The Federal Trade Commission (FTC) has given the green light to the $11.7 billion merger deal between Intercontinental Exchange Inc. (ICE) and Black Knight, marking a significant development after months of antitrust concerns and legal disputes. This settlement paves the way for the merger to proceed, while also raising questions about potential impacts on competition and affordability in the mortgage industry.
Antitrust Concerns Settled: Merger Set to Proceed
Late on Friday, Intercontinental Exchange Inc. (ICE) and Black Knight announced a resolution with the Federal Trade Commission (FTC) regarding their proposed merger. The agreement follows a lawsuit filed by the FTC, which expressed antitrust concerns over ICE’s acquisition of Black Knight. This legal hurdle had previously put the merger on hold.
As part of the settlement, ICE is expected to finalize the acquisition of Black Knight on September 5. Additionally, the companies have committed to completing the divestiture of Black Knight’s loan origination system (LOS) Empower business and its product and pricing engine unit, Optimal Blue. These assets are to be sold to a subsidiary of Constellation Software Inc. within 20 days after the acquisition is complete.
Stockholder Decision Deadline and Background
With a deadline of September 1, Black Knight stockholders will need to choose between receiving cash or ICE stock in exchange for their shares, a pivotal decision in the context of this merger agreement.
The merger announcement was initially made by ICE in May 2022, but the process has faced regulatory scrutiny due to concerns raised by the FTC regarding potential anti-competitive practices. This merger is notable as both ICE and Black Knight are major players in the mortgage industry, commanding the two largest loan origination systems.
The FTC’s lawsuit alleged that this consolidation of power could lead to increased costs for lenders, which could then be transferred to homebuyers. The deal also raised concerns about reduced competition for product, pricing, and eligibility engines (PPEs), along with other related services that complement LOS functionality.
The Path to Resolution and Lingering Concerns
ICE and Black Knight’s decision to divest Black Knight’s Empower business and Optimal Blue was seen as a strategic move to address the antitrust concerns voiced by the FTC. This step signaled a potential willingness to cooperate to clear the regulatory path for the merger.

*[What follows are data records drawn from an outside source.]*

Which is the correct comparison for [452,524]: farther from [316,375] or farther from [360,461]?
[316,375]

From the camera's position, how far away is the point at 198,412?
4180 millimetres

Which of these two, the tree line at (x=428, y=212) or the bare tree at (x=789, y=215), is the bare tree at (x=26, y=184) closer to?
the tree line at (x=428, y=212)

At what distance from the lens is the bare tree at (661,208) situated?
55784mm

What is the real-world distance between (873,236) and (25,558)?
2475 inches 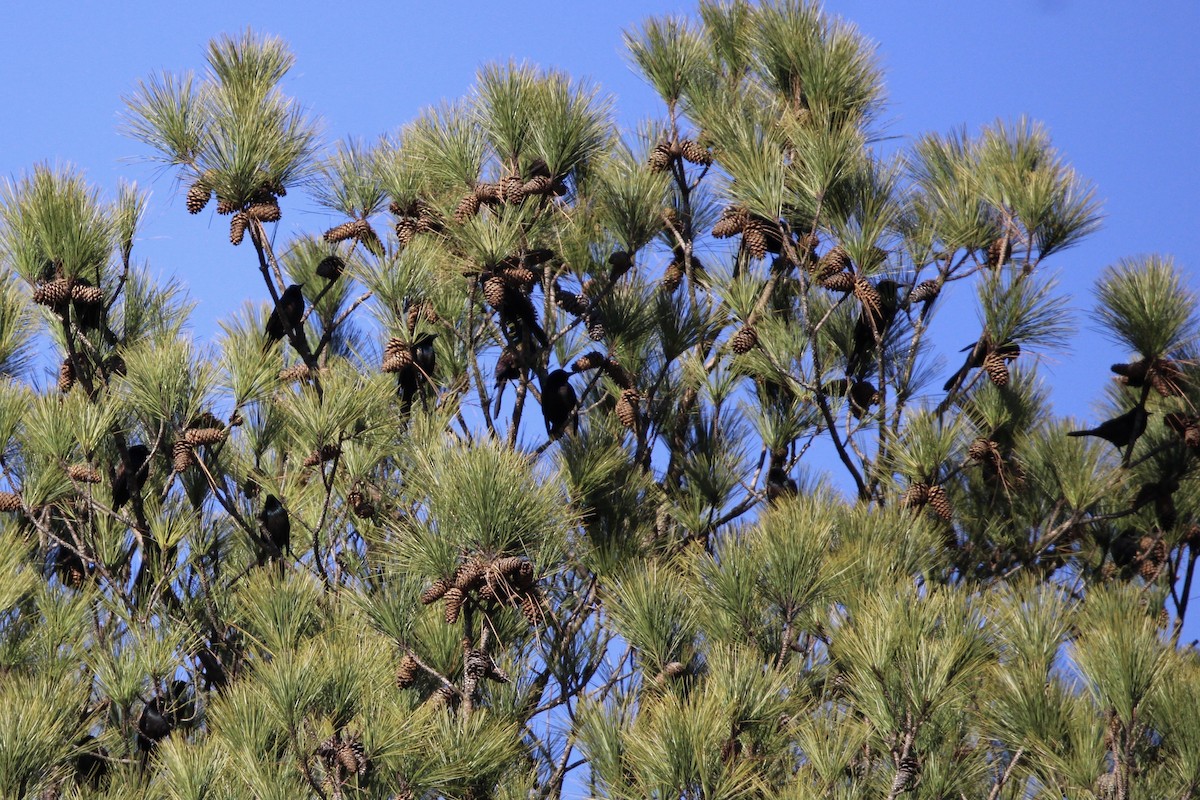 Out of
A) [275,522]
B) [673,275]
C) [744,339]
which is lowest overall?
[275,522]

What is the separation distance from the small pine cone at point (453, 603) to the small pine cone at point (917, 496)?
130cm

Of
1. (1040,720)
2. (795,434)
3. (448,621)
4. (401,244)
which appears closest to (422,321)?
(401,244)

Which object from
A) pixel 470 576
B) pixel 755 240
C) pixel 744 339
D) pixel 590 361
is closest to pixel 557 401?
pixel 590 361

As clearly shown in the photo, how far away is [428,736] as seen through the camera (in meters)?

However, even with this settlement, lingering concerns about the merger’s impact on competition persist. Representative Maxine Waters, a ranking member of the House Committee on Financial Services, has expressed apprehensions. She pointed out that the merger could potentially affect mortgage loan pricing and mortgage servicing rights. Waters urged the FTC to ensure that adequate safeguards are in place to prevent additional pricing pressures, particularly in a housing market that is already grappling with consolidation and affordability challenges.
ICE’s Expanding Influence
In recent years, Intercontinental Exchange Inc. (ICE) has undertaken various strategic moves to diversify its business beyond its core exchange operations. Notably, this planned acquisition of Black Knight marks ICE’s second major mortgage technology deal. In 2020, ICE acquired Ellie Mae from Thoma Bravo for a staggering $11 billion, further solidifying its presence in the mortgage technology landscape.
While the FTC’s settlement allows the merger to move forward, the concerns and debates around competition and affordability in the mortgage market continue to echo. As the mortgage industry evolves, the impacts of these types of large-scale mergers on consumers, lenders, and the broader market will be closely observed and analyzed.